If you’re concerned about the temperature, just add more water and let it cool again.3.

Pour a Small Amount of Oil into the Bowl If you use a thermos for measuring temperature, the oil should sit on the bottom of the pot.

This allows for a much smaller temperature difference between the top and bottom.

If your oil has a lot of fat on it, you can add a small amount of oil to make it appear more saturated.4.

Add more Oil to the Plate Once the oil has cooled down, pour a little more oil onto the plate.

This will add more density to the oil.5.

Add More Oil as the Oil Cools The more oil you add to the plate, the thicker the oil will become.

This helps the oil not stick to the sides of the plate and prevent it from spreading all over the plate while it cools.6.

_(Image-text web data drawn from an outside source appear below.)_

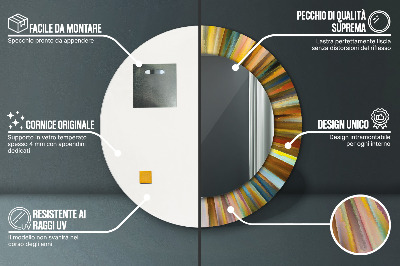 Bedrukte ronde spiegel Abstract radiaal patroon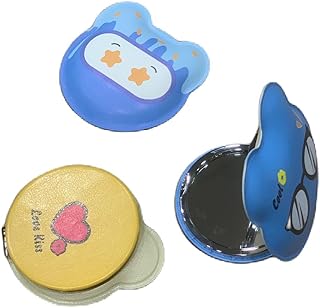 مراية جيب، مراية يد، مراية مكياج صغيرة قابلة للطي، مراية مدمجة بوجهين للمكياج والتخييم والسفر (متعددة الألوان - شكل حيواني)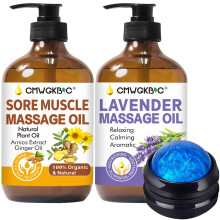 Massagel fr Massage-Therapie-Set, Ingwerl, Lymphdrainage, Arnika, schmerzende Muskell-Massage und Lavendell, entspannende Massagele, Massage-Se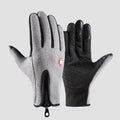Grey M size Winter Outdoor Cycling Gloves - Touch Screen Compatible Windproof Waterproof Non-Slip Palm Thermal Fleece Gloves for Cycling, Skiing, Hiking and Sports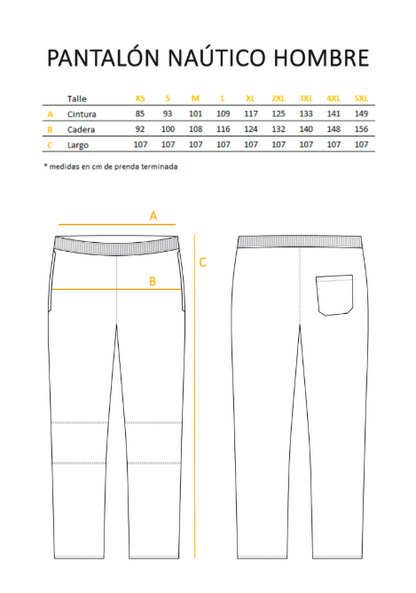 Pantalón Náutico Hombre Negro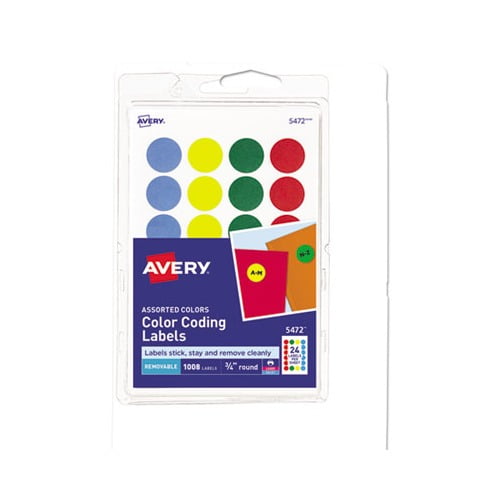 0.75 Inch Removable,Pack of 315 Avery Round Color Coding Labels New Assorted 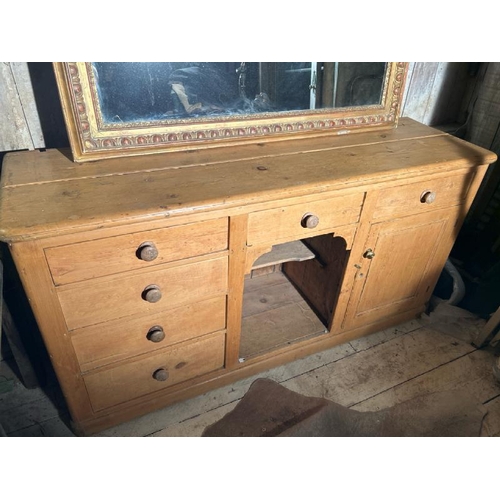 480 - A 19th century pine knee hole farmhouse dresser base with four graduated drawers and one central, 91... 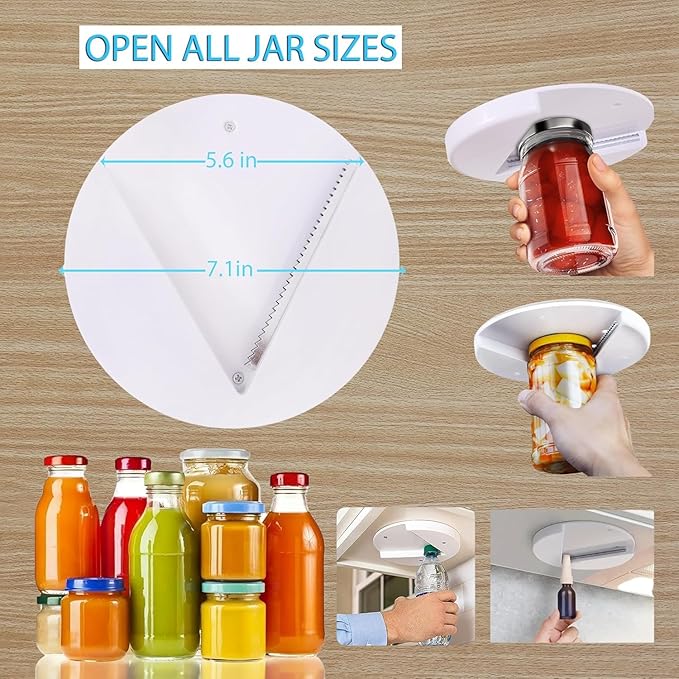 2 Pack Under Cabinet Jar Opener for Seniors, Easy Grip Jar & Bottle Opener for Weak Hands and Arthritis, One-Handed Kitchen Gadget for Home Assistance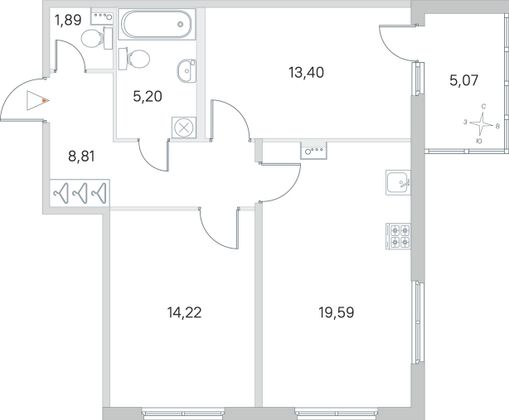 Продажа 2-комнатной квартиры 65,7 м², 1/4 этаж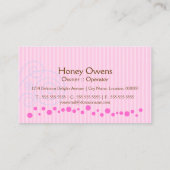 さくらんぼが付いているかわいいピンクのカップケーキ 名刺 (裏面)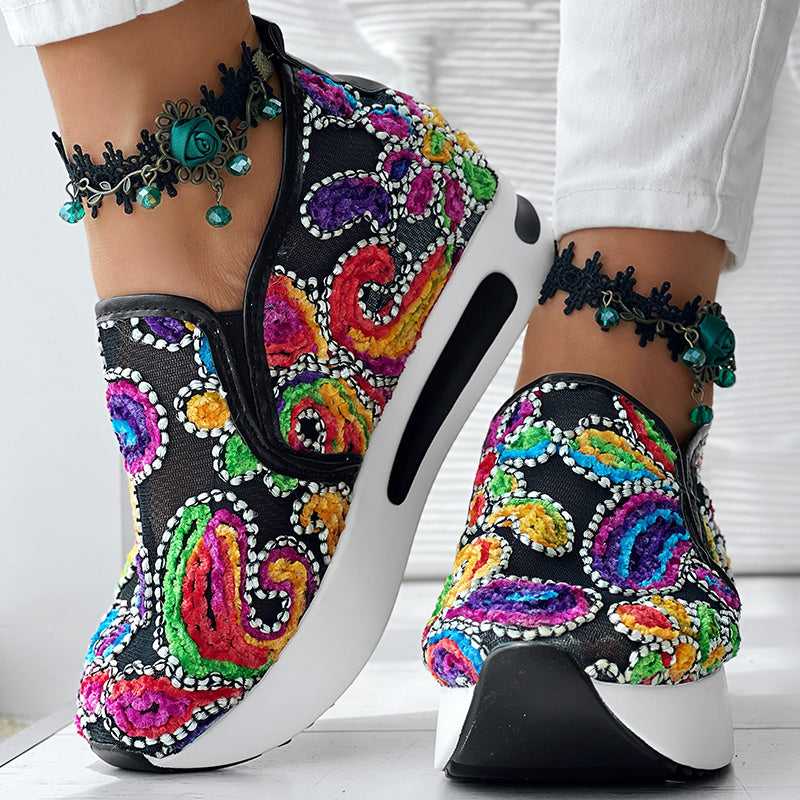 Women's Random Print Side Lace-Up Elastic Sport Shoes, Comfortable Slip-On Sneakers For Women, Casual Daily Wear Footwear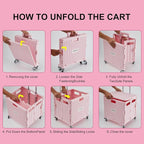 Folding Utility Cart Portable Rolling Crate Handcart Shopping Trolley Collapsible Tool Box, with Lid, Basket on 4 Rotate Wheels, for Grocery, Shopping, Office, Teacher (Pink)
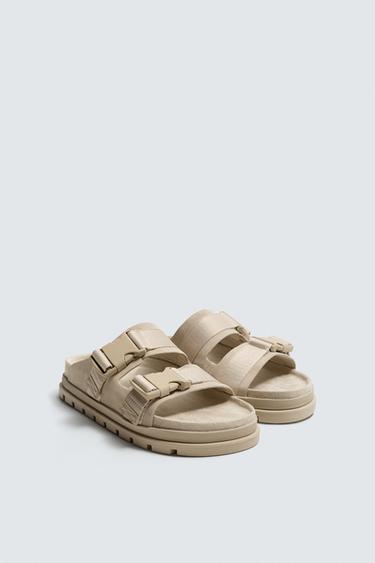 CHUNKY LEATHER SANDALS - Beige by Zara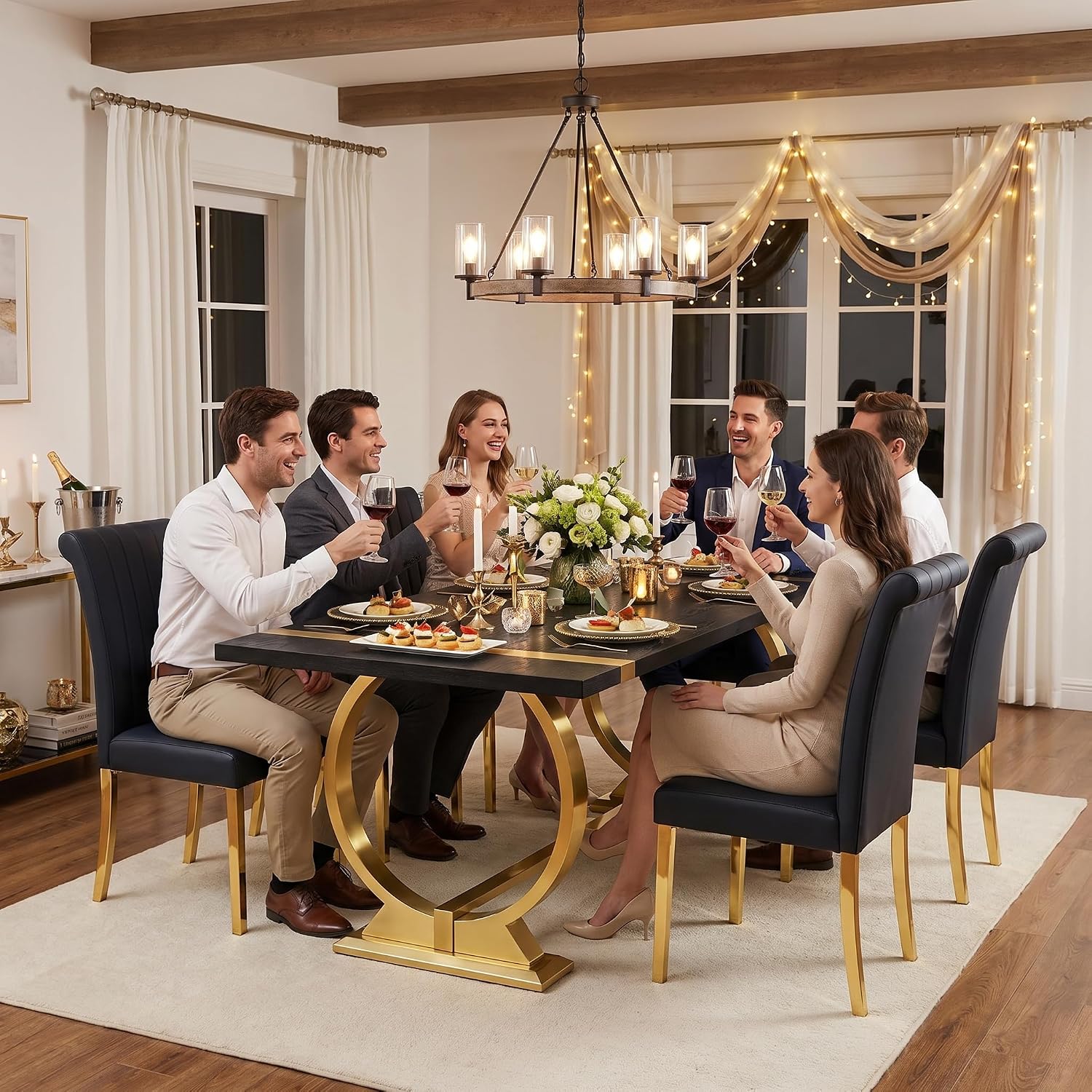 Asday 77" Wooden Dining Table for 6-8, Modern Rectangular Large Kitchen Table with Gold Polished Stainless Steel U-Shaped Base for DiningRoom Kitchen Dinner Home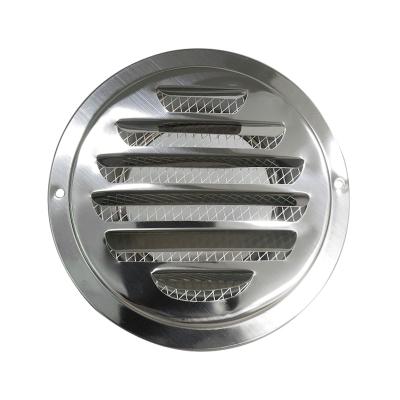 China Industrial Outdoor Round External Wall Stainless Steel Flat Shape Vent Grille Cover Vent Column Exhaust Hood for sale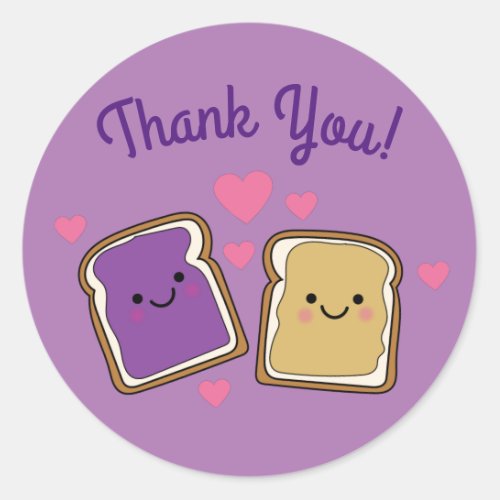 Peanut Butter and Jelly Birthday Party PBJ Thanks Classic Round Sticker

Pour the Oil Back into the Pan After it’s cooled to room temperature, pour some more oil into the pan.

If there’s too much oil on top, add some water to help keep it from getting stuck to the side of the pan, which can result in a sticky residue.7.

Put It Back Into the Pan to Cool It DownOnce the oil begins to cool down, you want to add a little water to the pan to keep the oil from sticking to the bottom.

This is done to prevent the oil getting stuck on the sides.8.

Wait for the Oil to Heat Up and Cool It downOnce the cooking oil has fully cooled down and is at room temp, it should be ready to be used.

The next step is to slowly heat the cooking pan to a medium heat.

It’s best to put it in the microwave if you can.9.

Remove the Cooking Oil from the Pan Once the pan has reached a medium-high temperature, remove the pan from the heat.

You’ll want to be careful to keep it on the hot side so it doesn’t burn.10.

Add the Oil and Water to the Pan and Stir to MixIf you want a really, really smooth oil, you should use a little bit of cooking oil that’s been extracted from the oil, which will be slightly darker than your oil.

The dark color will help you detect whether it’s a true oil or not.11.

Add Oil and/or Water to Cook the OilAt this point, you’ll want a bowl that is at least a couple of inches wide.

It should have a little extra space so you can pour the oil into it.

It’ll also help to have a spatula handy so you don’t have to do this every time.

You can add more cooking oil to the pot at this point to add color to the mixture.

The more cooking time, the darker the color will become, but the more oil will still be able to penetrate the oil and make it look darker.12.

Add Additional Cooking Oil Once the cooking time is up, pour more cooking water onto the pan and add more boiling water to it to add another layer of oil.

It will take a little longer, but eventually the mixture will be thick enough to hold its shape.13.

Pour in the Oil from Another Pan When the cooking is done, you’re done!

The oil will be more solid than it was when you first poured it into the pot, so you’re going to want to remove it from the pan a bit so you won’t have any residue on it.14.

Serve with your favorite condiments: a salad or a pasta dish.